> _REQUIREMENT_: Take the line containing "Papell Boutique evening beaded silk top" and every line after it to the end of the material below; reproduce them exactly, without pictures.
----------
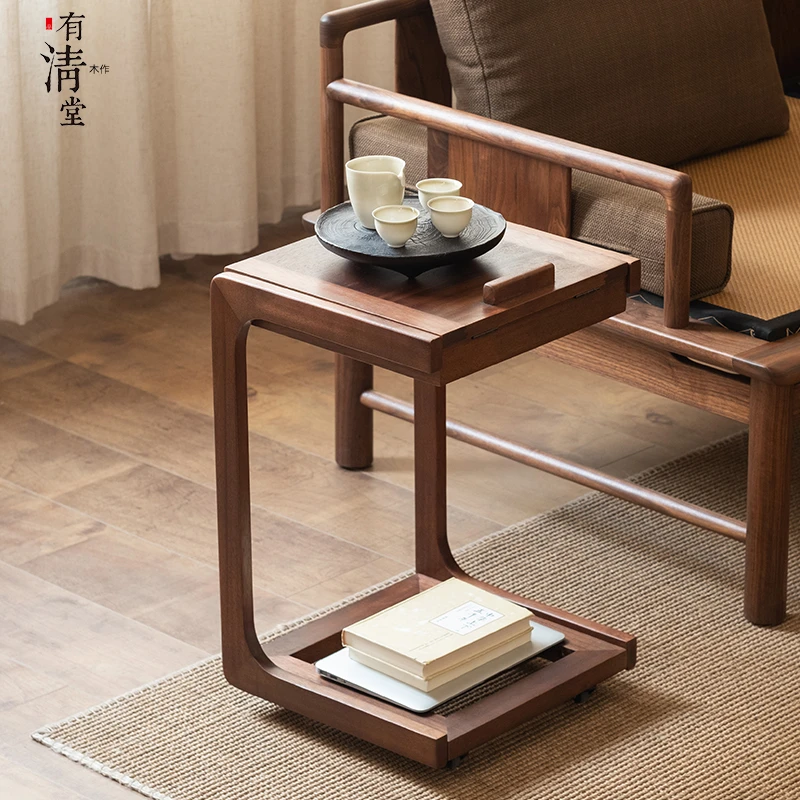 有清堂新中式移动边几家用茶台床头边桌置物架沙发茶几边柜简约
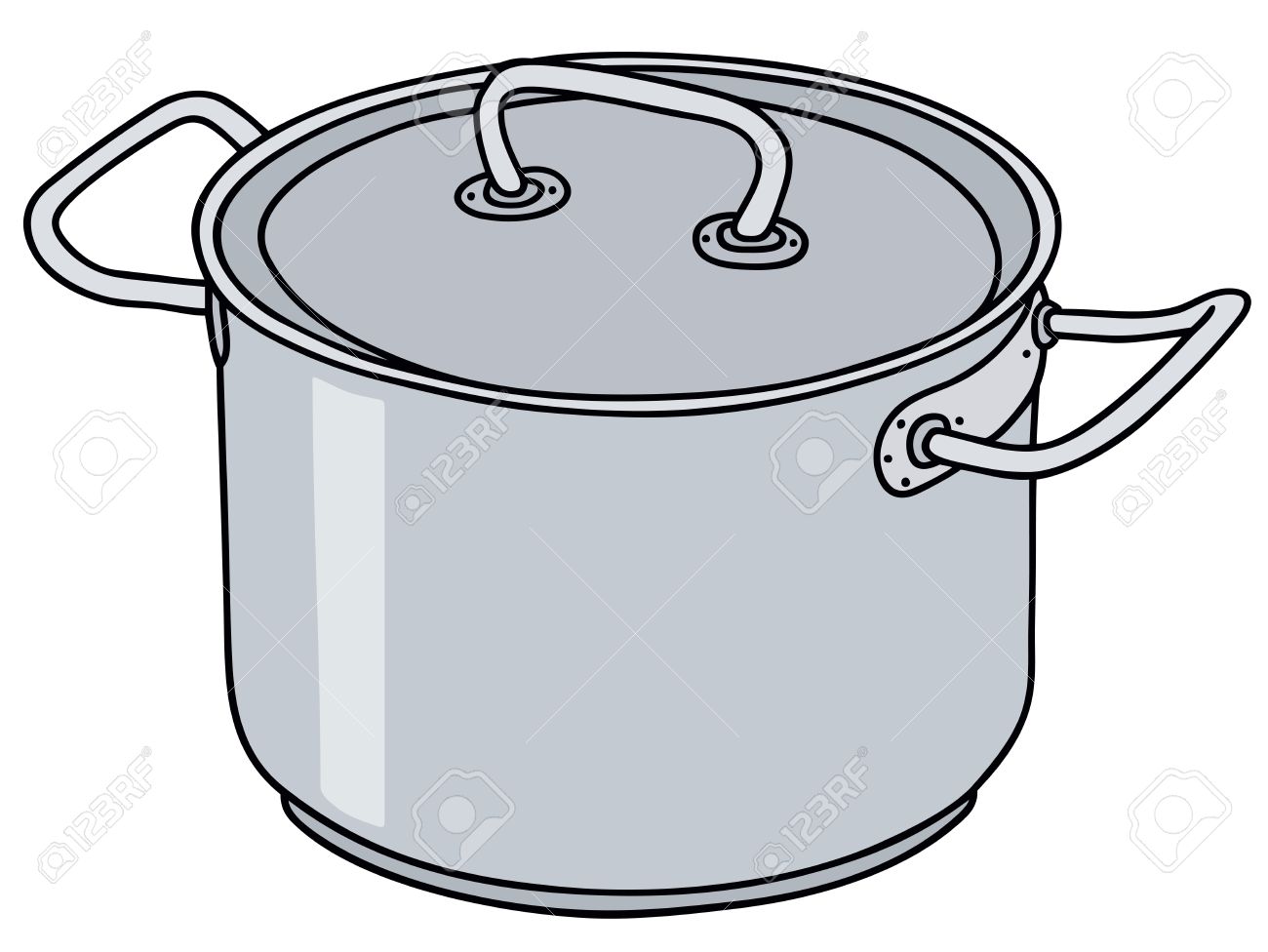 1300x976 Hand Drawing Of A Stainless Steel Pot Royalty Free Cliparts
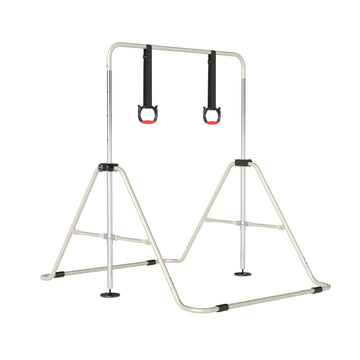 Adjustable Kids Gymnastics Bar with Metal Frame, Beige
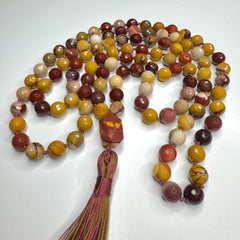 Faceted Mookaite Hand Knotted Mala | 10mm 108 Bead | Prayer Beads | Meditation Necklace | Mantra | Sound Healing |  Reiki Infused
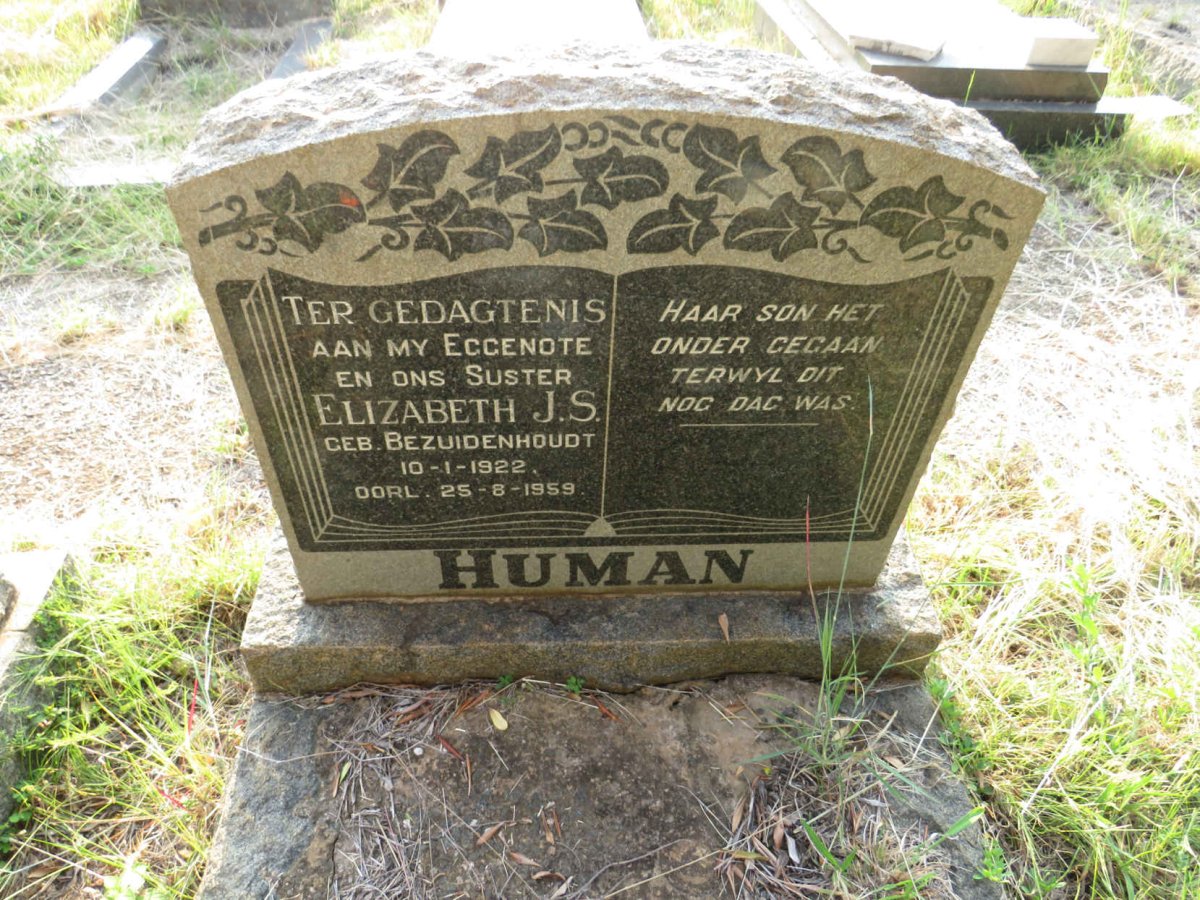HUMAN Elizabeth J.S. nee BEZUIDENHOUDT 1922-1959
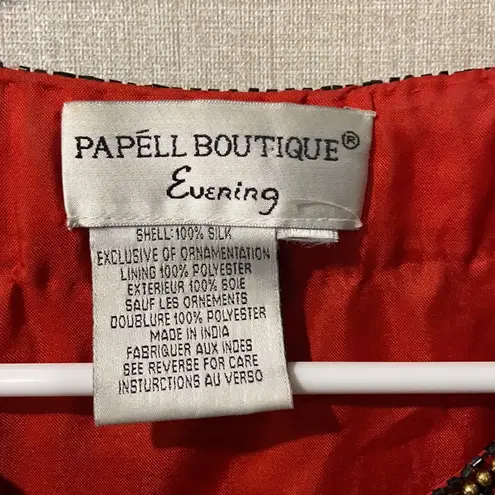 Papell Boutique evening beaded silk top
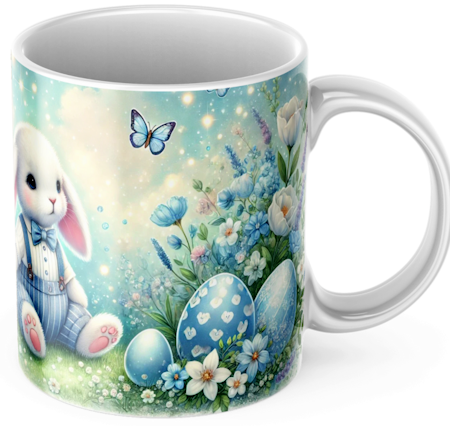 Påskmugg - Glad påsk kaffekopp - Blå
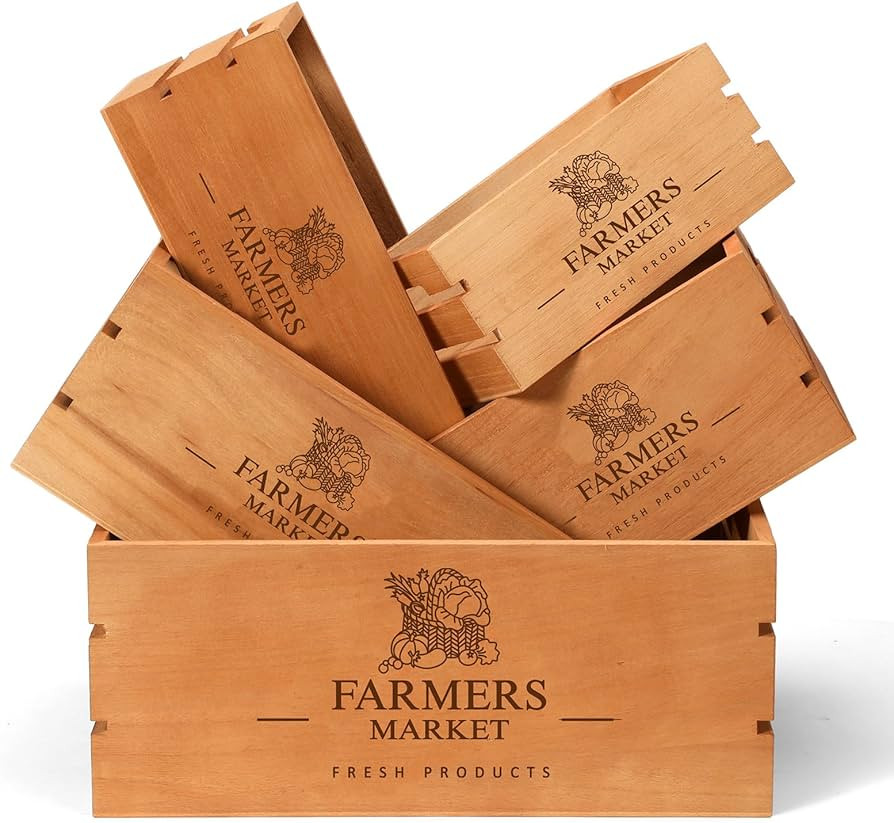 Barydat Set of 5 Wood Crates for Vintage Decorative Display Wooden Boxes Farmhouse Style Nesting ... | Amazon (US)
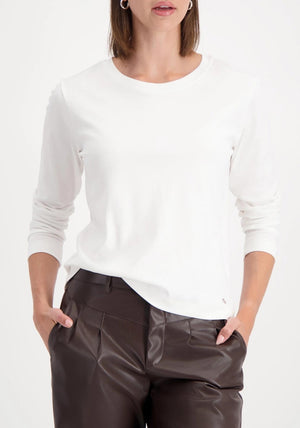 Monari Basic Round Neck Long Sleeve Top, White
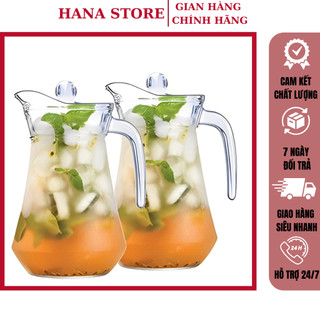 Bình thủy tinh, ca nước thủy tinh họa tiết trơn đựng nước dung tích 1500ml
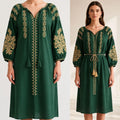 Rochie tip ie traditionala - Olivia verde 02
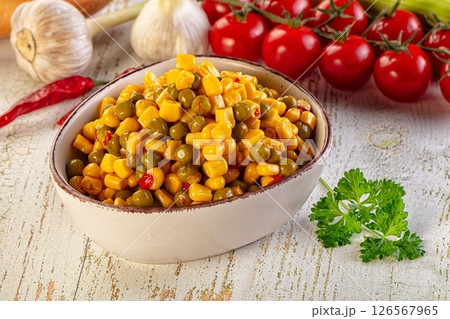 Mexican vegetable mix - corn, pepper and peas 126567965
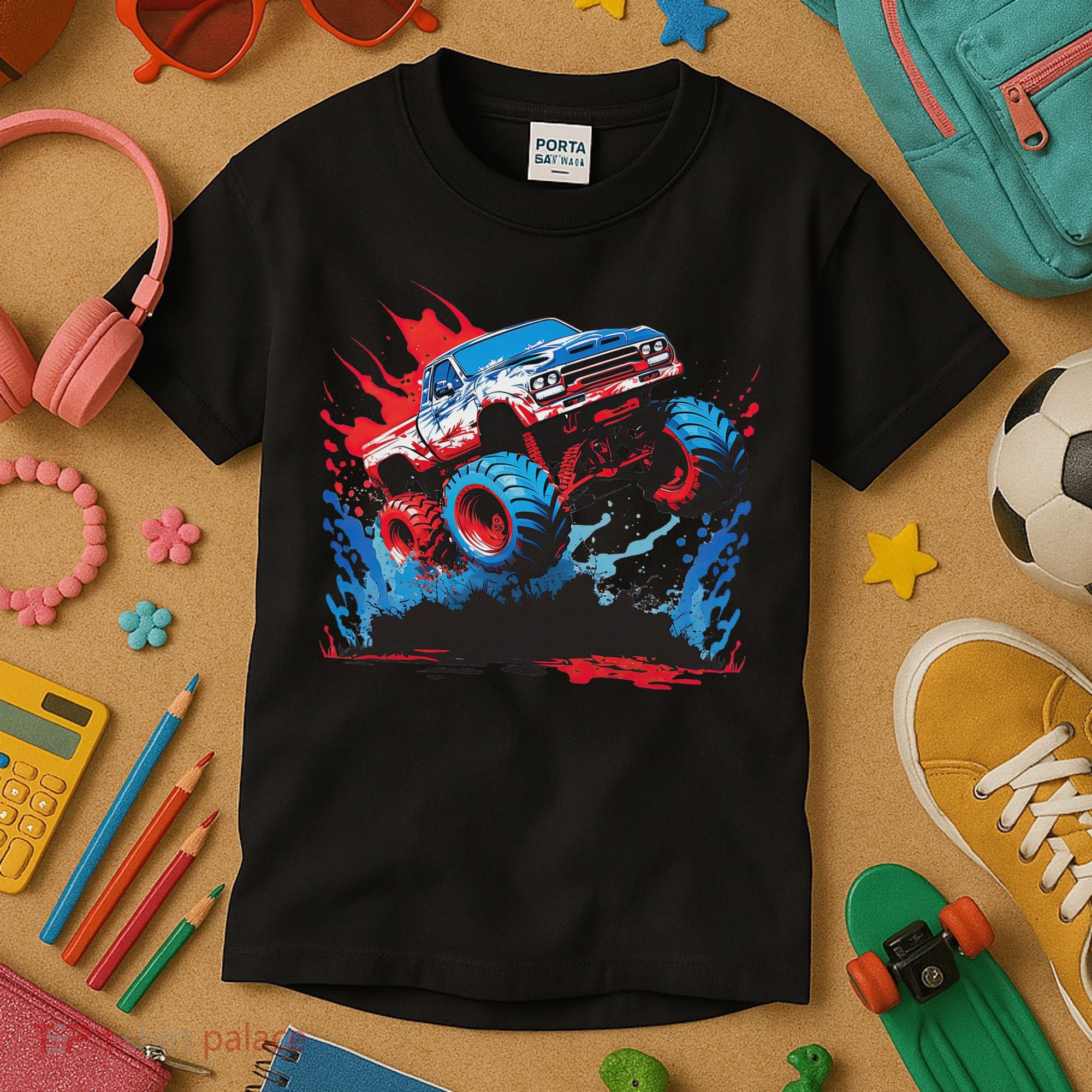 Monster Truck Red White And Blue Usa  Kids T-Shirt
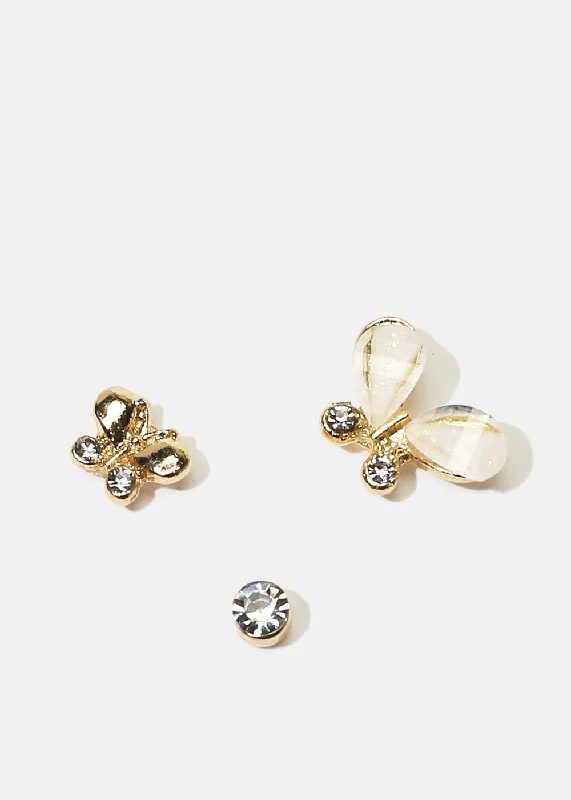 Make Your Outfit Shine With Discounted Jewelry 3-Pair Butterfly Stud Earrings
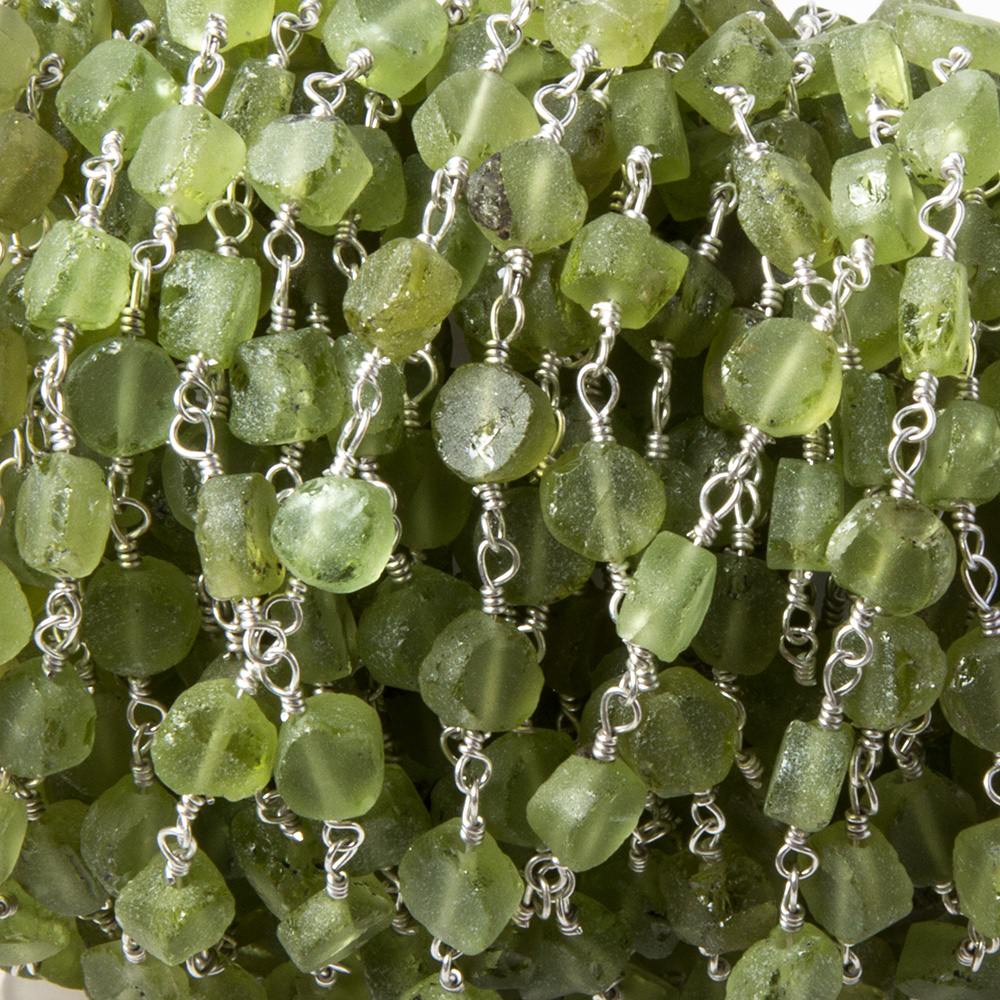 5mm Matte Peridot Coin Silver plated Chain by the foot 28 pcs (ONLINE ORDER ONLY)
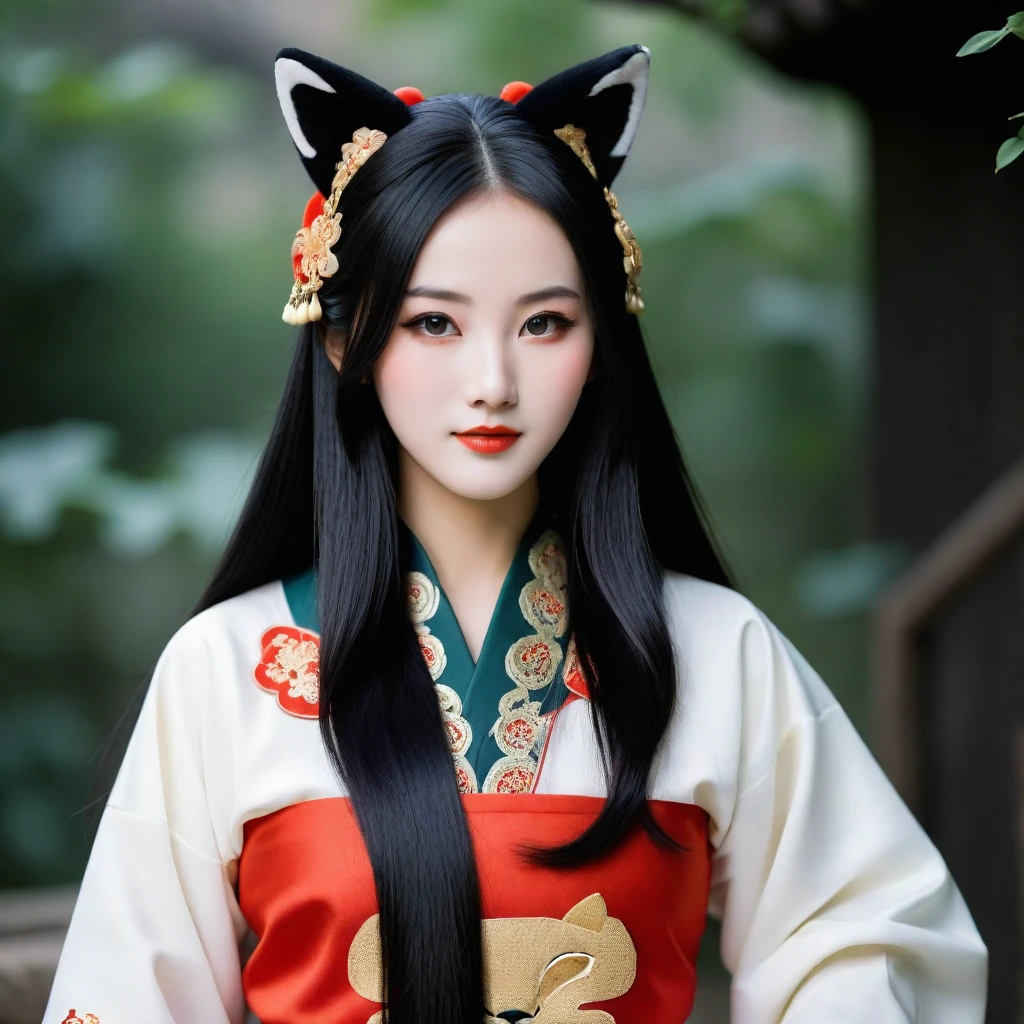 A beautiful girl wearing a fox mask, long black hair, wearing traditional 12th century Chinese clothing, 9 heads tall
----------
> _RESPONSE_:
 Papell Boutique evening beaded silk top
 Påskmugg - Glad påsk kaffekopp - Blå
 Barydat Set of 5 Wood Crates for Vintage Decorative Display Wooden Boxes Farmhouse Style Nesting ... | Amazon (US)
 Monari Basic Round Neck Long Sleeve Top, White
 Bình thủy tinh, ca nước thủy tinh họa tiết trơn đựng nước dung tích 1500ml
 Rochie tip ie traditionala - Olivia verde 02
 Mexican vegetable mix - corn, pepper and peas 126567965
 Monster Truck Red White And Blue Usa  Kids T-Shirt
 Make Your Outfit Shine With Discounted Jewelry 3-Pair Butterfly Stud Earrings
 5mm Matte Peridot Coin Silver plated Chain by the foot 28 pcs (ONLINE ORDER ONLY)
 A beautiful girl wearing a fox mask, long black hair, wearing traditional 12th century Chinese clothing, 9 heads tall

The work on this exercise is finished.